(Beginning of THE RECORDS)

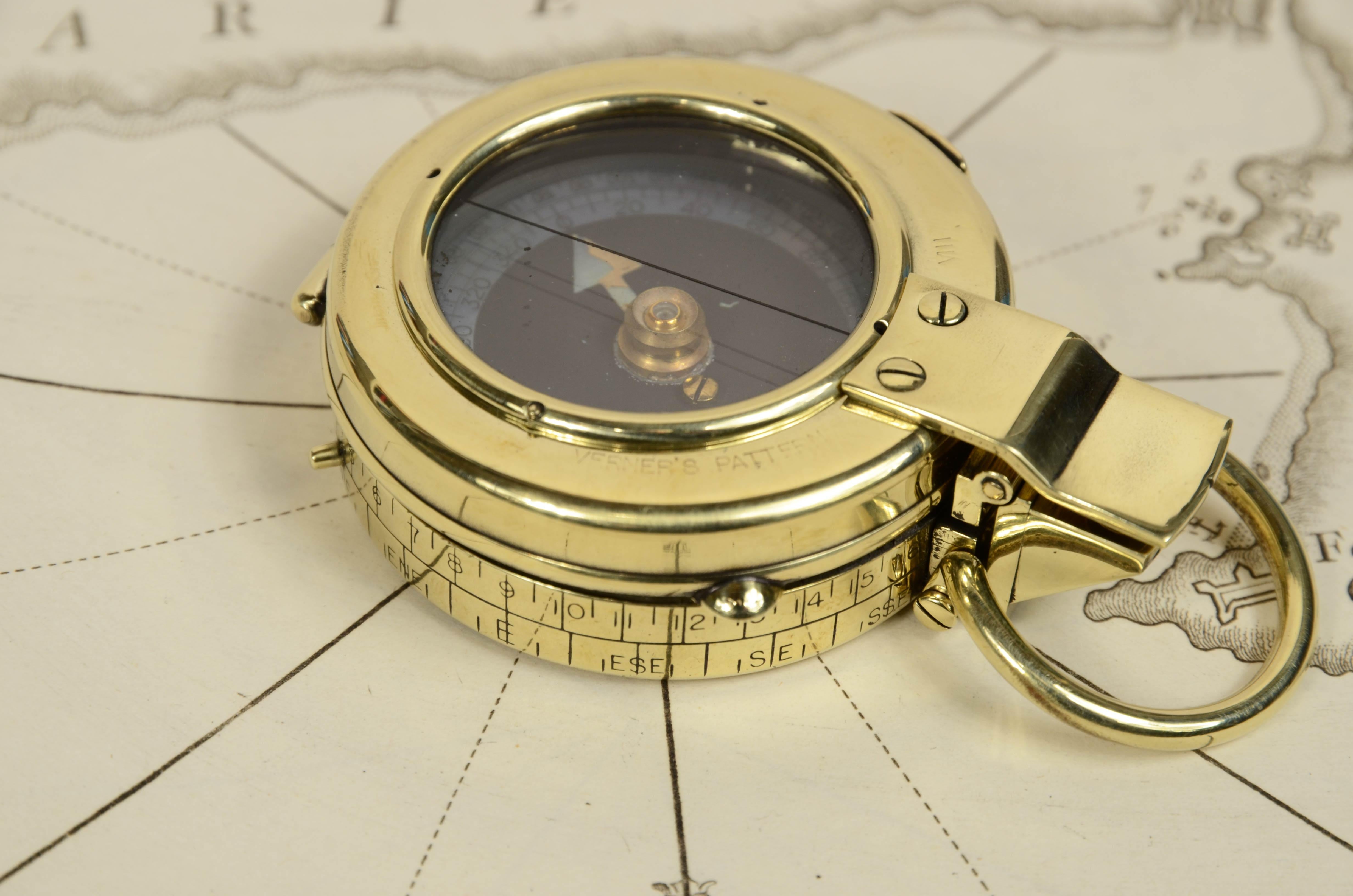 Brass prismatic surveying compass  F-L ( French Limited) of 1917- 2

(End of THE RECORDS)
(Beginning of THE RECORDS)

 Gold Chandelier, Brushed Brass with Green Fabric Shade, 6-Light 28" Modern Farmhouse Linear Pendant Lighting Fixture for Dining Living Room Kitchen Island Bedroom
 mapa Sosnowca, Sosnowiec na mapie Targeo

(End of THE RECORDS)
(Beginning of THE RECORDS)

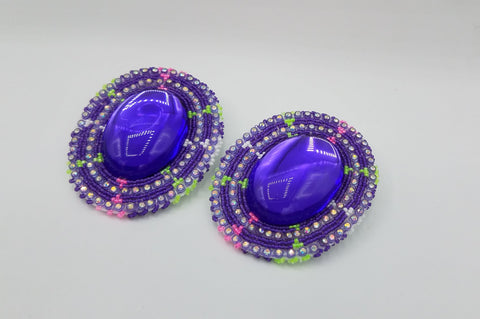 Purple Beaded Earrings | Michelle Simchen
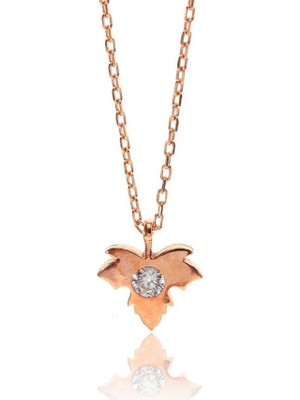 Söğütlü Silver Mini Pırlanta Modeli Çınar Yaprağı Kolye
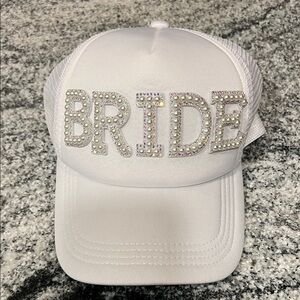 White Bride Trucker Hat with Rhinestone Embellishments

(End of THE RECORDS)

## YOUR ASSIGNMENT
Everything from the line with "Gold Chandelier, Brushed" through the line with "mapa Sosnowca, Sosnowiec na mapie Targeo" in the listing above must be retyped exactly, with nothing added.

## RESULT OF THE EXERCISE
 Gold Chandelier, Brushed Brass with Green Fabric Shade, 6-Light 28" Modern Farmhouse Linear Pendant Lighting Fixture for Dining Living Room Kitchen Island Bedroom
 mapa Sosnowca, Sosnowiec na mapie Targeo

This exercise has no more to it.